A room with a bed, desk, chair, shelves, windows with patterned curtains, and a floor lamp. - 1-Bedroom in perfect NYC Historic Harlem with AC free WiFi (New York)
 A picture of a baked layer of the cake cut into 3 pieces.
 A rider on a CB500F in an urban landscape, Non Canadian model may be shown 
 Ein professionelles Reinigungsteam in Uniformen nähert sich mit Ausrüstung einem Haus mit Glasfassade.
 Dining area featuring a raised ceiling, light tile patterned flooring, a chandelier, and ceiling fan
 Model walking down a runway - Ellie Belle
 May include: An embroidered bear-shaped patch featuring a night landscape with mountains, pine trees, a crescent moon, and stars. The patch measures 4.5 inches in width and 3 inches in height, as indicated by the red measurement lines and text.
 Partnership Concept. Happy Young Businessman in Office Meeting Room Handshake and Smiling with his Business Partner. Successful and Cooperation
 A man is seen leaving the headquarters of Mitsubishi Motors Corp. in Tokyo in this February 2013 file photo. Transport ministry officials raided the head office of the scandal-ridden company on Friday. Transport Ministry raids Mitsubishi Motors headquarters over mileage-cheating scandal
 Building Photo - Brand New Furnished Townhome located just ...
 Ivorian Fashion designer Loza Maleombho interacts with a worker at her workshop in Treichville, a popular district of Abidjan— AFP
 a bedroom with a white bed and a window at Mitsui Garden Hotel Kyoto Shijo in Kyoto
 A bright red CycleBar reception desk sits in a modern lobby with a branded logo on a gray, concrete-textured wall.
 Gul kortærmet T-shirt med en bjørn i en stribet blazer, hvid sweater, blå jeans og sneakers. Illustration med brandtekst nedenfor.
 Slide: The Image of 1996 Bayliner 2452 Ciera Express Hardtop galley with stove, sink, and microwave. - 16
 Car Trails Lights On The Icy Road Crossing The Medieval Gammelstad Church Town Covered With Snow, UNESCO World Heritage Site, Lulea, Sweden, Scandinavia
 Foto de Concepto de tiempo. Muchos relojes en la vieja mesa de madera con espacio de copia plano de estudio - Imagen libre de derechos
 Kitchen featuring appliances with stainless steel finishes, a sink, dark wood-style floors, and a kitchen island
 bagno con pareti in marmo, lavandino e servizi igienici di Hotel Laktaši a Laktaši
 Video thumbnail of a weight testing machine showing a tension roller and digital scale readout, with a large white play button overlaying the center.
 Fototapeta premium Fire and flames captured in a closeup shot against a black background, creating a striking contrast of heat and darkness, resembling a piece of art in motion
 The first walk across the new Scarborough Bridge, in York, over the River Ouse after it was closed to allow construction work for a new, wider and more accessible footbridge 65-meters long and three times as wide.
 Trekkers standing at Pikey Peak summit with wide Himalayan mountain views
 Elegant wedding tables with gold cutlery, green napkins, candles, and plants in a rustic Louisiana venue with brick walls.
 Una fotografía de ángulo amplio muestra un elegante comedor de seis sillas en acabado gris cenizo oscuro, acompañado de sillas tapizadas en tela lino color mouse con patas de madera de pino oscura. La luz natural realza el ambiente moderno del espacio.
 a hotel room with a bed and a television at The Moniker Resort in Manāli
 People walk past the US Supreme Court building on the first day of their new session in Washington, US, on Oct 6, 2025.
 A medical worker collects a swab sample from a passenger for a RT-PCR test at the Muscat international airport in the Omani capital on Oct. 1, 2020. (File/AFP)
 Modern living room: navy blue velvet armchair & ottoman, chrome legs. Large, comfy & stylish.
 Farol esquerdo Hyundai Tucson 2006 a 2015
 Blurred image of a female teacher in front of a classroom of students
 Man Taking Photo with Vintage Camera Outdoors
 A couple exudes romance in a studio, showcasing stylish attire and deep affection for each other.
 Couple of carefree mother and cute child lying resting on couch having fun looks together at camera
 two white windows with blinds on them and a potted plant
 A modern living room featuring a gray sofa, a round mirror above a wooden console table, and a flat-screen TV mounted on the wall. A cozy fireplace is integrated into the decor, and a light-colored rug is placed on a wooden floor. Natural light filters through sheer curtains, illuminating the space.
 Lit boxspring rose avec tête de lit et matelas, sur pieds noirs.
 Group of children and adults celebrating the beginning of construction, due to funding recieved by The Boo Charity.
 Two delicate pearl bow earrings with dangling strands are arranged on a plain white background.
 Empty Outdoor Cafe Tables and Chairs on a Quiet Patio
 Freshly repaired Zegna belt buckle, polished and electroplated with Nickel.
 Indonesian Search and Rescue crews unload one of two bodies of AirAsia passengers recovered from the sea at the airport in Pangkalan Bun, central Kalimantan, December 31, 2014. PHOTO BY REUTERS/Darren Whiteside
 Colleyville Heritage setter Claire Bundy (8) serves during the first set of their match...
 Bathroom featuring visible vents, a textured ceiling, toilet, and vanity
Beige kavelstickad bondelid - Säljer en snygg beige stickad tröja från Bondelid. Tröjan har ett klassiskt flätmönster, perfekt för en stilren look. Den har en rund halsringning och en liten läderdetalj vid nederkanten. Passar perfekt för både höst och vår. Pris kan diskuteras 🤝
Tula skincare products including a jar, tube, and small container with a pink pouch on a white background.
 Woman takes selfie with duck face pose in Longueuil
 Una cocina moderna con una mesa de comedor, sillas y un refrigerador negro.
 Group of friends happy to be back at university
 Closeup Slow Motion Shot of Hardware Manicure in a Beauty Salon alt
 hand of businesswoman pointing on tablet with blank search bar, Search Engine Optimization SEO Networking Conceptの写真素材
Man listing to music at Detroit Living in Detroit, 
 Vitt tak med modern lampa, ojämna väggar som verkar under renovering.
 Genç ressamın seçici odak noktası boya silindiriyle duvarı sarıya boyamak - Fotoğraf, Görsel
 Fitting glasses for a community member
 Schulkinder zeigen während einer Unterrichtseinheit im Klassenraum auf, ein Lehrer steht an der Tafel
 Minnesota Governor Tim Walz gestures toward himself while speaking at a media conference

· · · · · · ·

GOAL OF THE EXERCISE
Every line from the line containing "Video thumbnail of" through the line containing "Fototapeta premium Fire" in the records above must be retyped exactly. Leave out the rest.

RESULT
 Video thumbnail of a weight testing machine showing a tension roller and digital scale readout, with a large white play button overlaying the center.
 Fototapeta premium Fire and flames captured in a closeup shot against a black background, creating a striking contrast of heat and darkness, resembling a piece of art in motion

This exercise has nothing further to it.